Acórdão nº 1184/19.0GBABF.E1 de Tribunal da Relação de Évora, 12 de Setembro de 2023

Magistrado ResponsávelANA BACELAR
Data da Resolução12 de Setembro de 2023
EmissorTribunal da Relação de Évora

Acordam, em conferência, na 2.ª Subsecção Criminal do Tribunal da Relação do Évora I.

RELATÓRIO No processo comum n.º 1184/19.0GBABF, do Juízo Local Criminal ... [Juiz ...] da Comarca ..., o Ministério Público acusou AA, divorciado, nascido a .../.../1989, no Brasil, filho de BB e de CC, residente na ..., n.º ..., ..., em ..., ..., pela prática, em autoria material e na forma consumada, de um crime de condução sem habilitação legal, previsto e punível pelo artigo 3.º, n.ºs 1 e 2 do Decreto-Lei n.º 2/98, de 3 de janeiro.

Não foi apresentada contestação escrita.

Realizado o julgamento, perante Tribunal Singular, por sentença proferida e depositada em 5 de janeiro de 2023, foi decidido: «

  1. Absolver AA pela prática de um crime de condução sem habilitação legal, p. e p. nos termos conjugados dos art.º 3.º, n.º 2 do DL 2/98 de 3.1, com referência aos arts. 121.º, n.º 1 e 122.º, n.º 1 do Código da Estrada.

  2. Condenar AA pela prática de uma contraordenação p. e p. pelos artigos 125.º, n.º 1, al d) e 130.º, n.º 7, todos do Código da Estrada, na coima de € 200,00 (duzentos euros).

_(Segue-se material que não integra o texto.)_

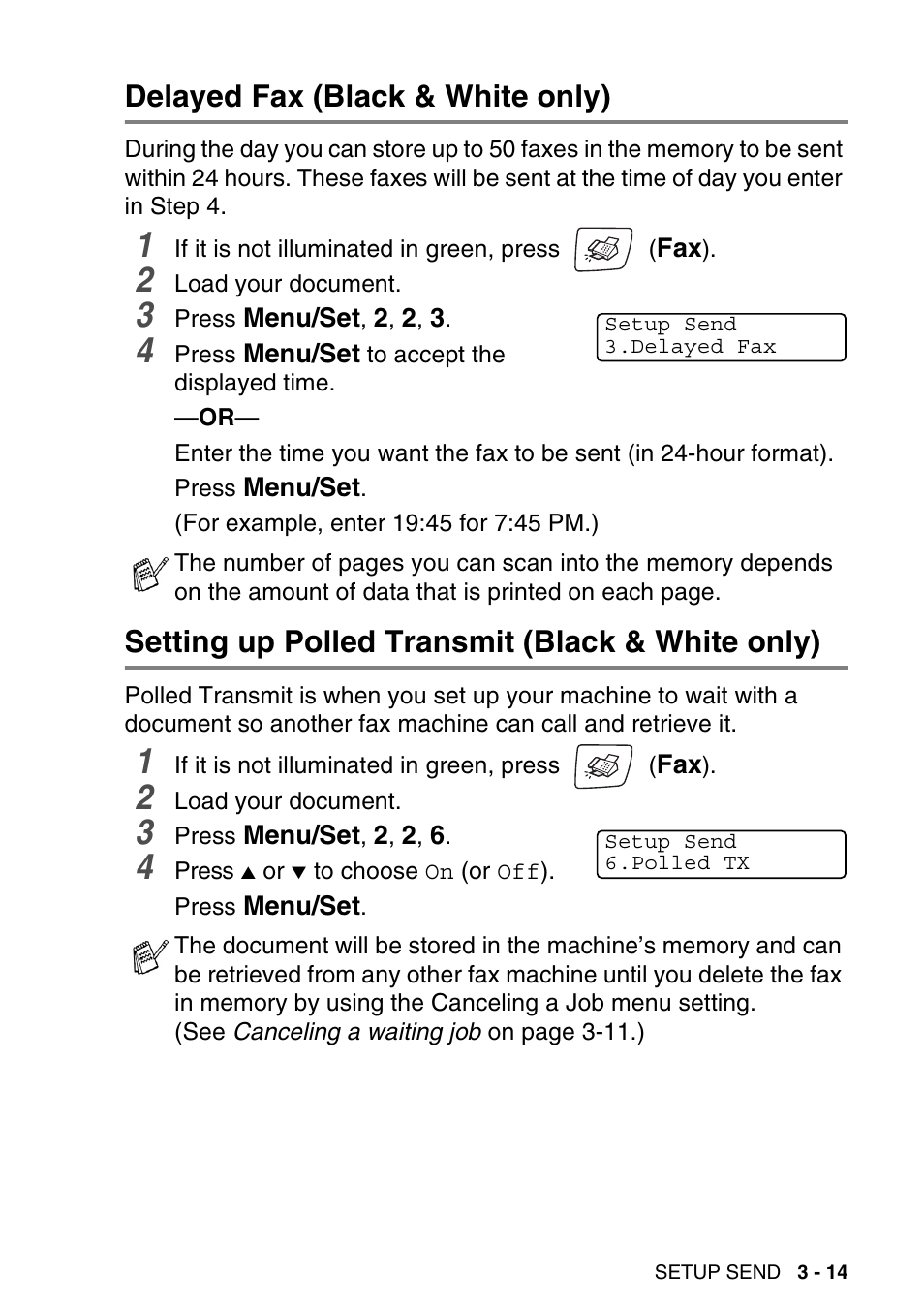 Delayed fax (black & white only), Setting up polled transmit (black & white only) | Brother MFC-640CW User Manual | Page 69 / 225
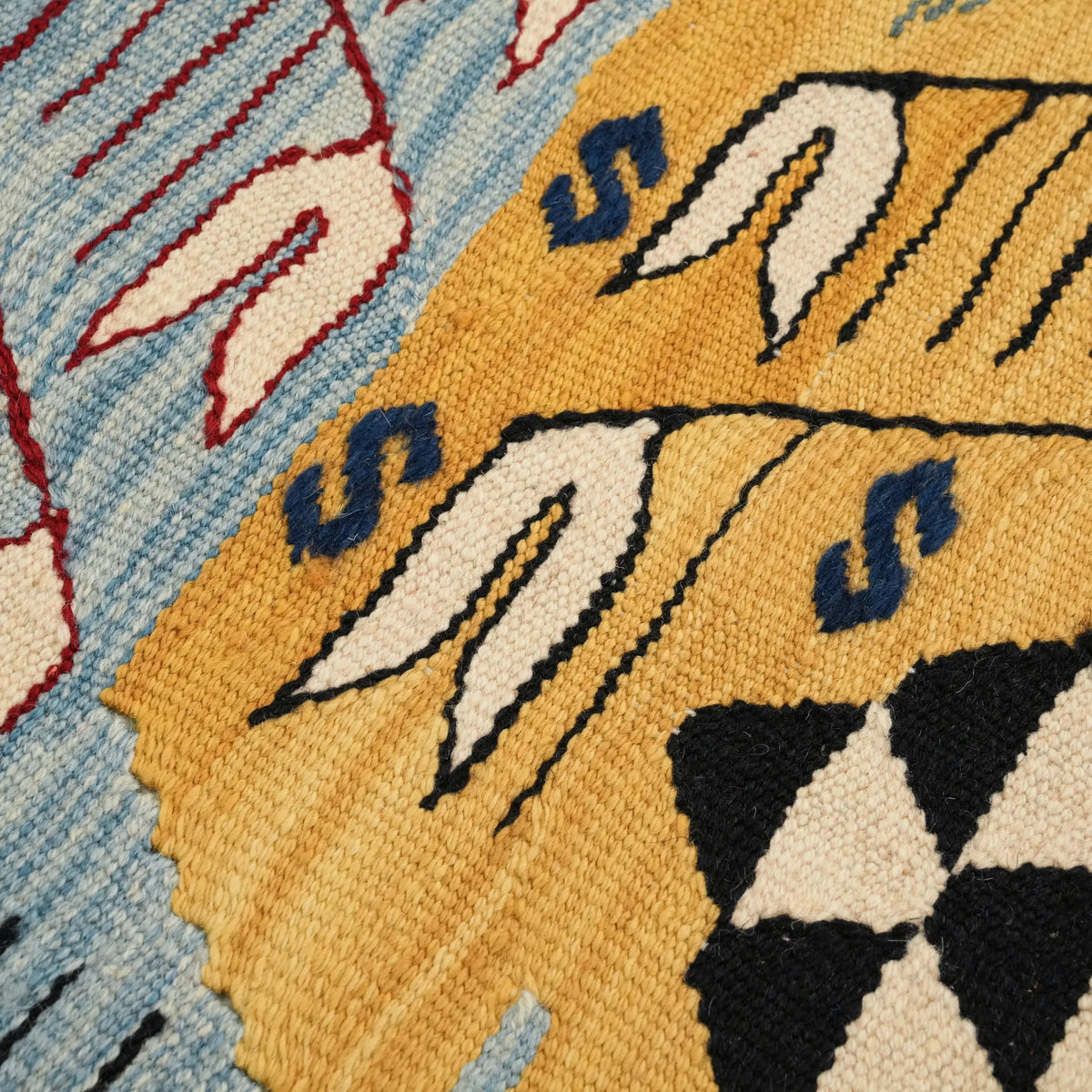 El Dokuma Anadolu Desenli Rengarenk Yün Kilim — mutfak halısı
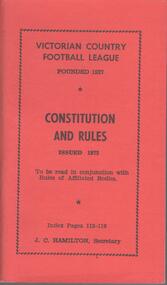 Document - VICTORIAN COUNTRY FOOTBALL LEAGUE - CONSTITUTION & RULES 1972, 1972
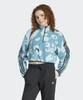 Animal Print Fleece Crop Half-Zip Top - Sky Blue / Iy0148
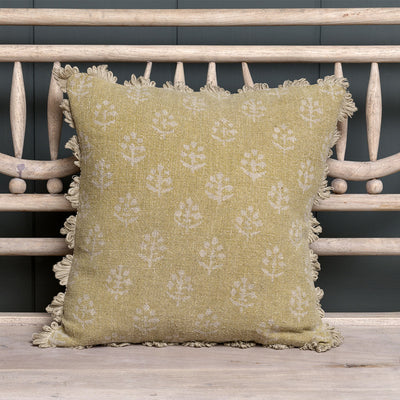 Green Reverse Megha Rustic Linen Cushion - Sale
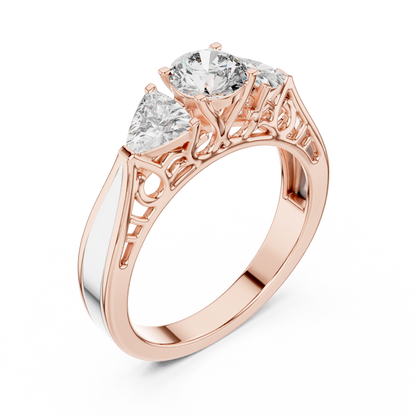 Round Cut Three-Stone Diamond Ring with Trillion Side Stones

  3. Condenar o arguido no pagamento das custas, que se fixam nos seguintes termos: 2 UC» Inconformado com tal decisão, o Ministério Público dela interpôs recurso, extraindo da respetiva motivação as seguintes conclusões [transcrição]: «1.ª AA foi acusado pela prática, no dia 26 de março de 2019, de um crime de condução de veículo sem habilitação legal, previsto e punido no artigo 3.º, n.º 1 e n.º 2 do Decreto-Lei n.º 2/98, de 3 de janeiro.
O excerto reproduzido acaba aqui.